PROBLEM TO WORK ON: Reproduce the material below only from the line with "Software Testing Foundations, 4th Edition" to the line with "CariSan1 - 6", both included, keeping each line exact and dropping the pictures.

DATA SECTION:
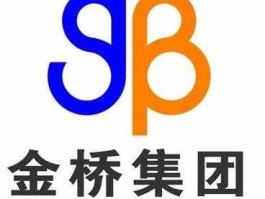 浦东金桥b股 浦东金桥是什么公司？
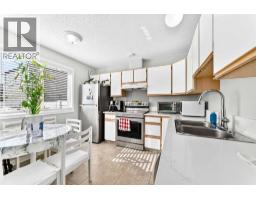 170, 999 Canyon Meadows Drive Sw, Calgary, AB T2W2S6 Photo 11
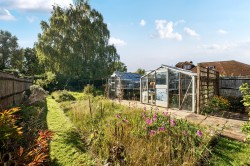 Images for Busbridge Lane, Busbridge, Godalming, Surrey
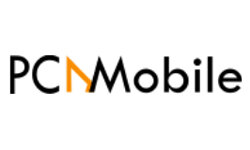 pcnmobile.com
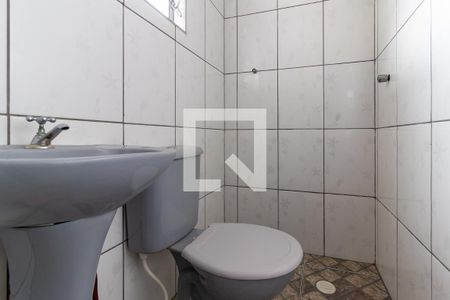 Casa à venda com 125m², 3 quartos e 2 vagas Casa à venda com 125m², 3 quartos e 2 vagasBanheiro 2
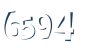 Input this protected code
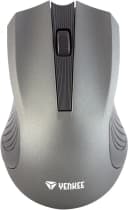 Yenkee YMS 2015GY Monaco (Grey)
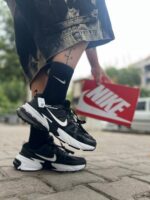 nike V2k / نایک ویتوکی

--

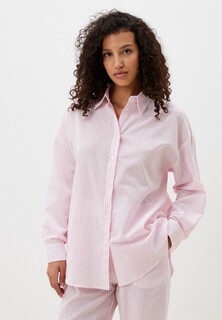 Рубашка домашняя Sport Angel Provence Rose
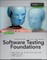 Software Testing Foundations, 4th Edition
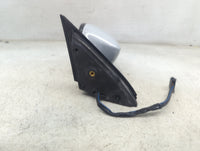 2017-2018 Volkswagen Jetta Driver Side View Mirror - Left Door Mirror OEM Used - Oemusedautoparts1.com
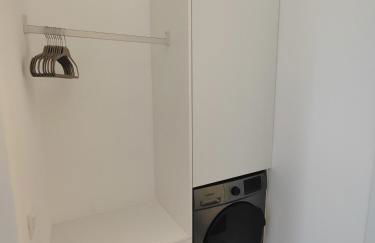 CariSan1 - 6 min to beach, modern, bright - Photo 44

...

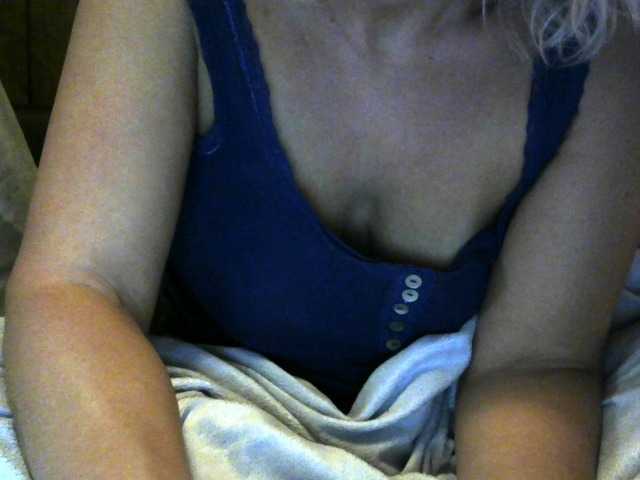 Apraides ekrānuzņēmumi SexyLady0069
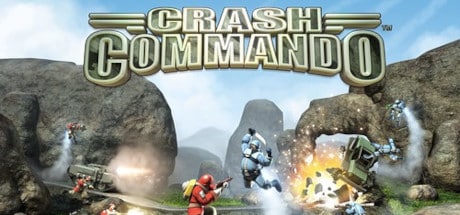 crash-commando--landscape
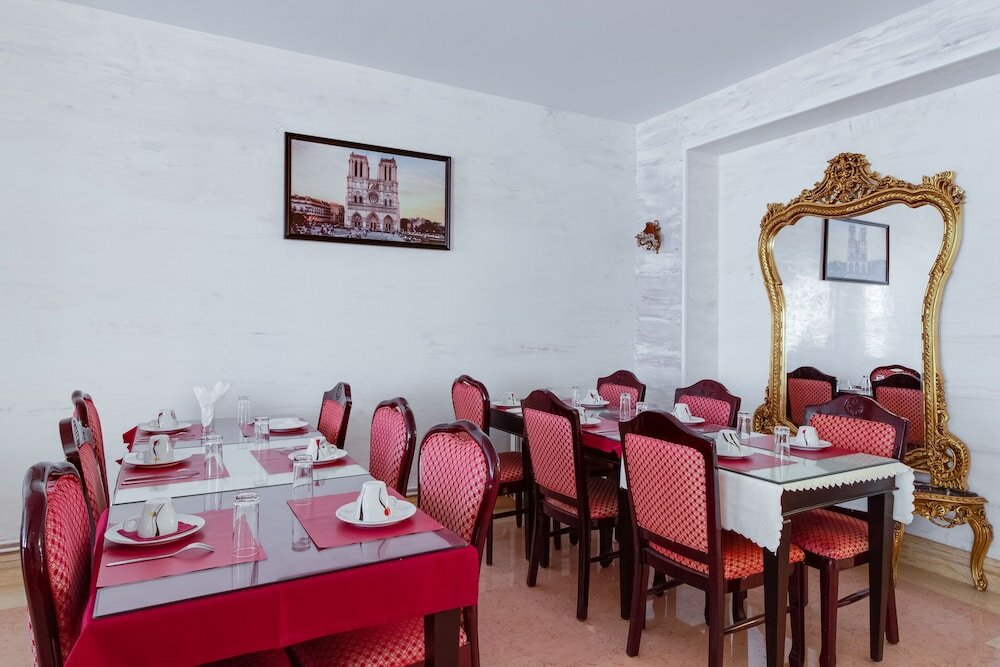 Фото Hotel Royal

RESPONSE:
 Software Testing Foundations, 4th Edition
 2017-2018 Volkswagen Jetta Driver Side View Mirror - Left Door Mirror OEM Used - Oemusedautoparts1.com
 CariSan1 - 6 min to beach, modern, bright - Photo 44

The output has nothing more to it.